A machine learning solution for predicting the probability of loan default in the Kaggle Home Credit Default Risk competition.
This repository contains a solution for the Home Credit Default Risk competition on Kaggle. The goal of this competition is to predict how capable each applicant is of repaying a loan. The solution uses LightGBM as the main algorithm and employs model blending to improve prediction accuracy.
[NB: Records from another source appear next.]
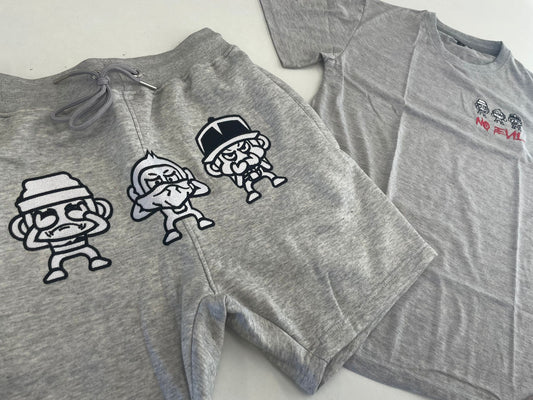 SIGNATURE MONKEYS SHORT & TEE SET - GREY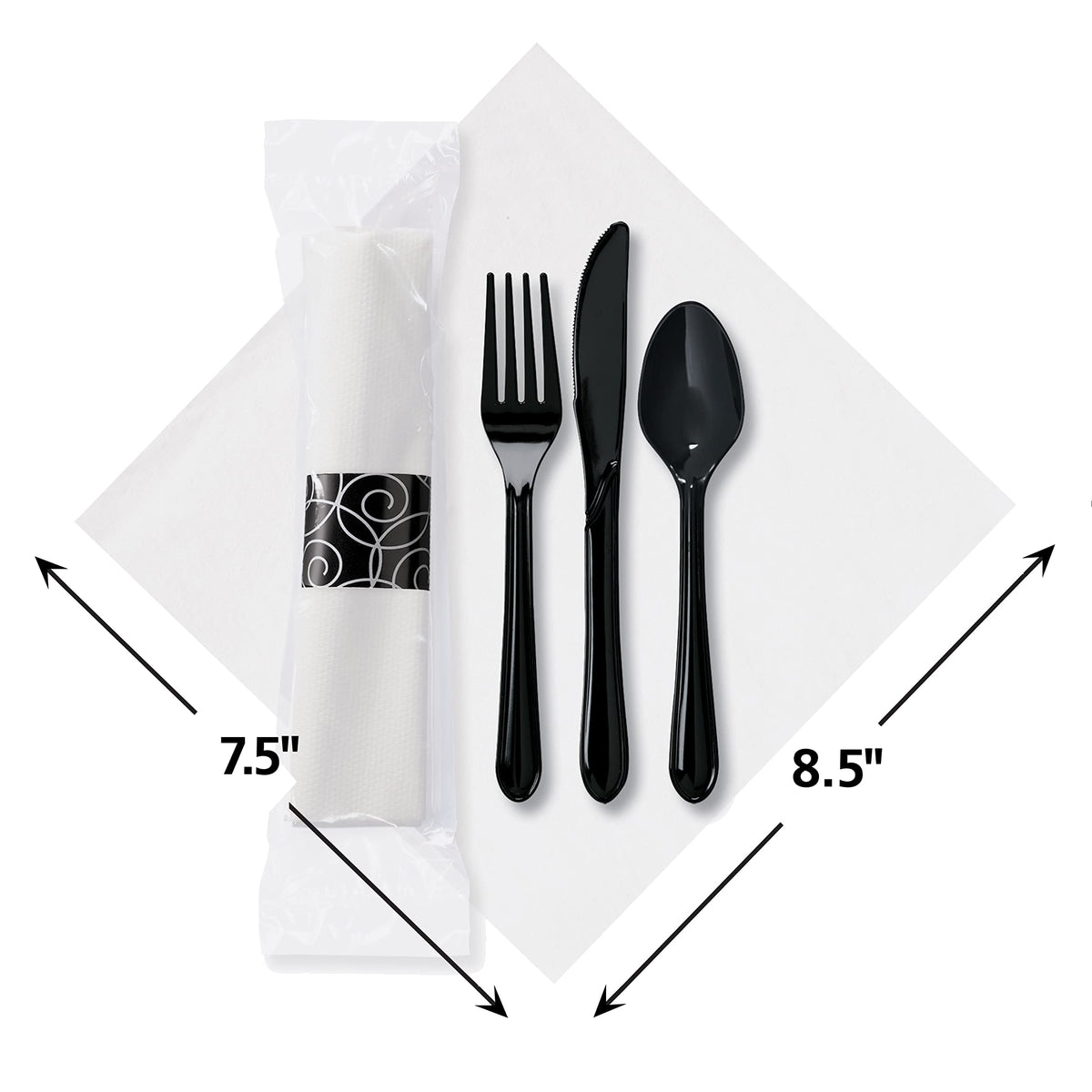 8 in x 8.5 in Wrapped Pre-rolled Linen-Like CaterWrap White Napkins with Black Cutlery 100 ct. by Hoffmaster – Pack of 100, Premium Linen-Like Material, White, Black, Model 119917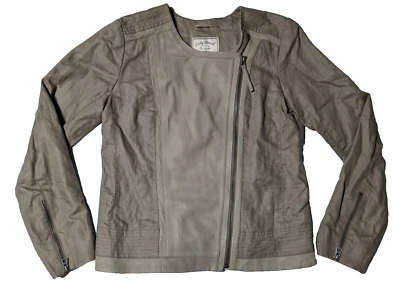 LUCKY BRAND LAMB LEATHER + LINEN Women Medium Taupe Asymmetrical Zip Moto Jacket - Image 1 of 4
- Feature Engineering: Creates numerous features from multiple data sources to improve model performance
- LightGBM Model: Implements a gradient boosting model with optimized hyperparameters
- K-Fold Cross-Validation: Uses stratified k-fold cross-validation to ensure robust model evaluation
- Model Blending: Combines predictions from multiple models to create a stronger ensemble
- Feature Importance Analysis: Visualizes and exports feature importance for model interpretability
- Python 3.x
- Required libraries:
- pandas
- numpy
- LightGBM
- scikit-learn
- matplotlib
- seaborn
The solution expects the following data files (not included in this repository):
- application_train.csv
- application_test.csv
- bureau.csv
- bureau_balance.csv
- previous_application.csv
- POS_CASH_balance.csv
- installments_payments.csv
- credit_card_balance.csv
These files should be placed in the root directory of the project.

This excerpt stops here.